Rafael Nadal beats Novak Djokovic in Roland-Garros quarter-finals


Djokovic didn’t get the chance to play at the Australian Open this year. He was sent off on the eve of the competition after a confrontation with the Australian government over his non-vaccination against Covid-19. But he arrived in Paris and Tuesday’s game in more convincing form than Nadal, who is arguably the greatest male clay-court player in history but has been very short on surface games this year.

Nadal injured his ribs at the BNP Paribas Open in Indian Wells, California in March, losing the final to American Taylor Fritz while playing with a stress fracture. He missed most of the start of the clay-court season and only returned for the Madrid Open in mid-May when he was upset by fellow 19-year-old Spaniard Carlos Alcaraz. in the quarter-finals.

Then came the Italian Open, his only other clay-court event before Roland Garros, where Nadal was beaten in three sets by Canadian Denis Shapovalov in an overnight round of 16 match in Rome in which he limped to upon arrival, grimacing in pain as his chronic left foot condition resurfaced. He was dejected after that loss but did not rule out playing at Roland Garros and arrived in Paris seeded fifth and with his longtime doctor, Angel Ruiz-Cotorro.

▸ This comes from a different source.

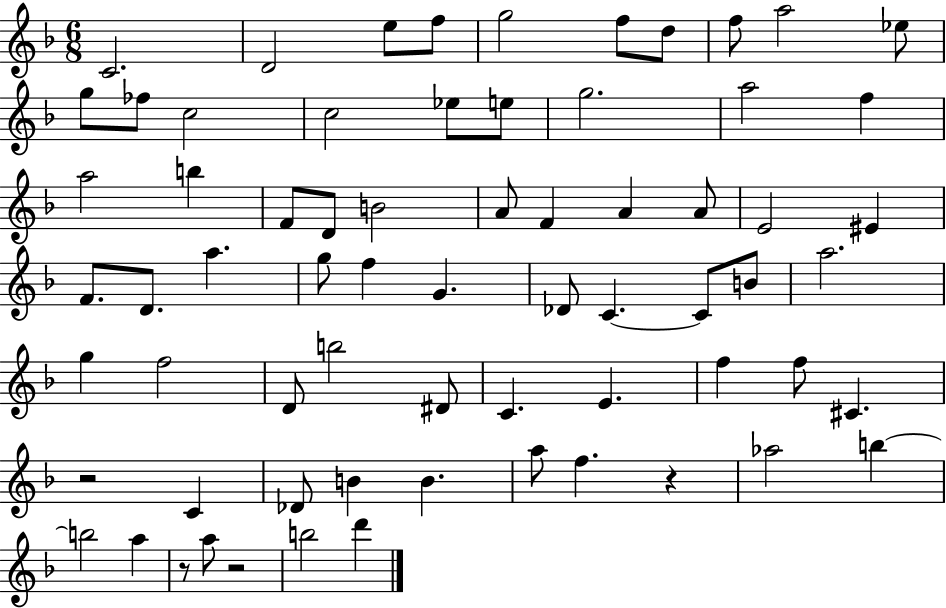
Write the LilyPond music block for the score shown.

As so often, Nadal proved capable of playing and winning in pain, battling for a five-set victory in the fourth round over 21-year-old Canadian Felix Auger-Aliassime and then facing Djokovic for the 59th time. on tour and the 10th time at Roland Garros.

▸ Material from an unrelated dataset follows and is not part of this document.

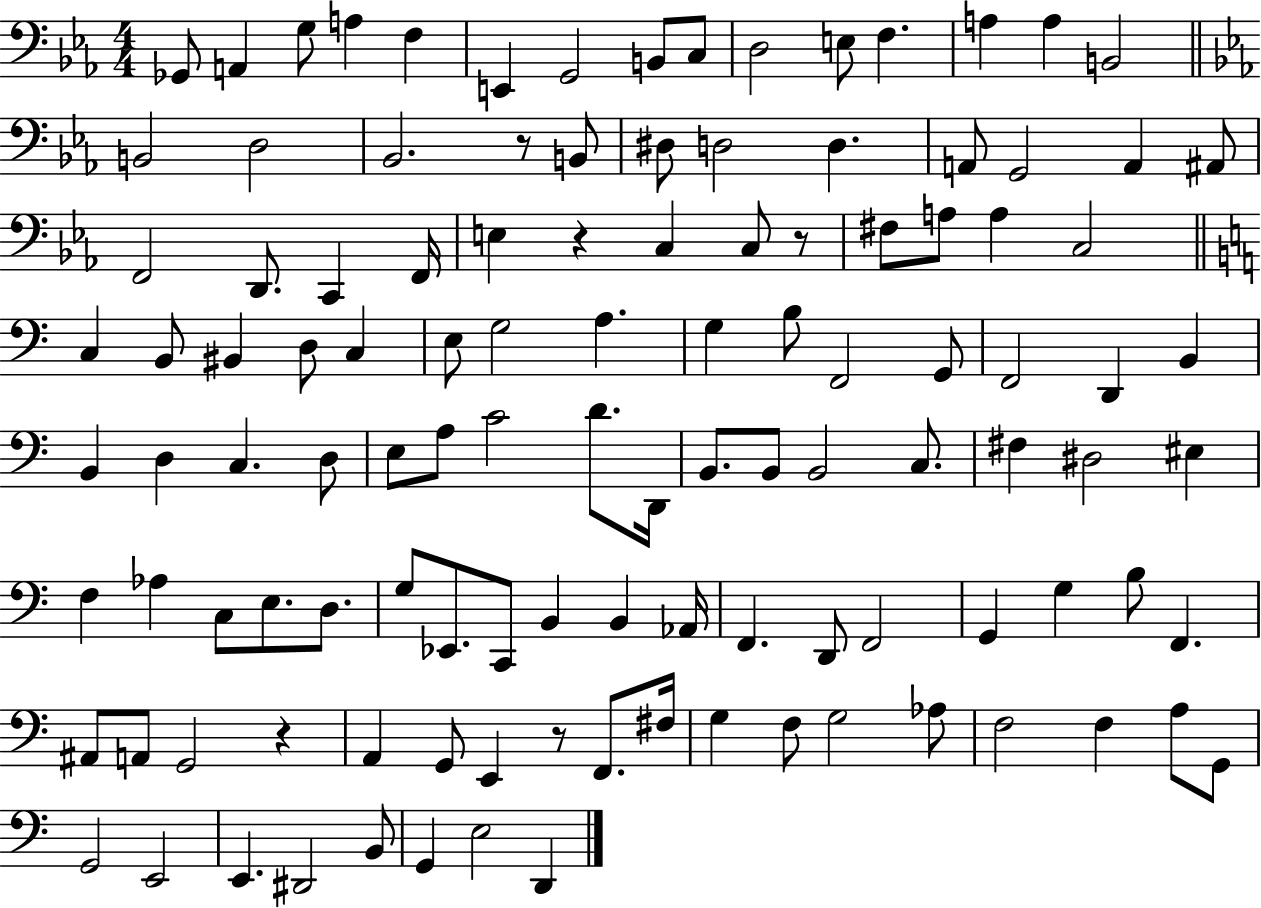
Gb2/e A2/q G3/e A3/q F3/q E2/q G2/h B2/e C3/e D3/h E3/e F3/q. A3/q A3/q B2/h B2/h D3/h Bb2/h. R/e B2/e D#3/e D3/h D3/q. A2/e G2/h A2/q A#2/e F2/h D2/e. C2/q F2/s E3/q R/q C3/q C3/e R/e F#3/e A3/e A3/q C3/h C3/q B2/e BIS2/q D3/e C3/q E3/e G3/h A3/q. G3/q B3/e F2/h G2/e F2/h D2/q B2/q B2/q D3/q C3/q. D3/e E3/e A3/e C4/h D4/e. D2/s B2/e. B2/e B2/h C3/e. F#3/q D#3/h EIS3/q F3/q Ab3/q C3/e E3/e. D3/e. G3/e Eb2/e. C2/e B2/q B2/q Ab2/s F2/q. D2/e F2/h G2/q G3/q B3/e F2/q. A#2/e A2/e G2/h R/q A2/q G2/e E2/q R/e F2/e. F#3/s G3/q F3/e G3/h Ab3/e F3/h F3/q A3/e G2/e G2/h E2/h E2/q. D#2/h B2/e G2/q E3/h D2/q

“I’m not surprised at all,” Djokovic said after the game. “It’s not the first time that he, you know, has been able a few days after he was injured and barely walking to come out at 100 per cent fitness. You know, he’s done it several times in his career, so I’m not surprised.

A year ago, in another emotional night match, Djokovic beat Nadal in four sets en route to the title. But this year Nadal turned things around even though Djokovic, who served for the fourth set, was twice only one point away from forcing a fifth. But on the first set point, Djokovic lost a long rally by hitting a backhand into the net. On the second he decided to be more aggressive but his approach shot was more upbeat than good and Nadal ran to his right and hit a backhand winner that Djokovic never came close to achieving.

It was soon 5-5 in the fourth set and Nadal quickly took control of the ensuing tiebreaker just as he had taken quick control of the match, jumping to a 6-1 lead and then swooping down. is hooked and closed out the win on his fourth match point with another backhand winner.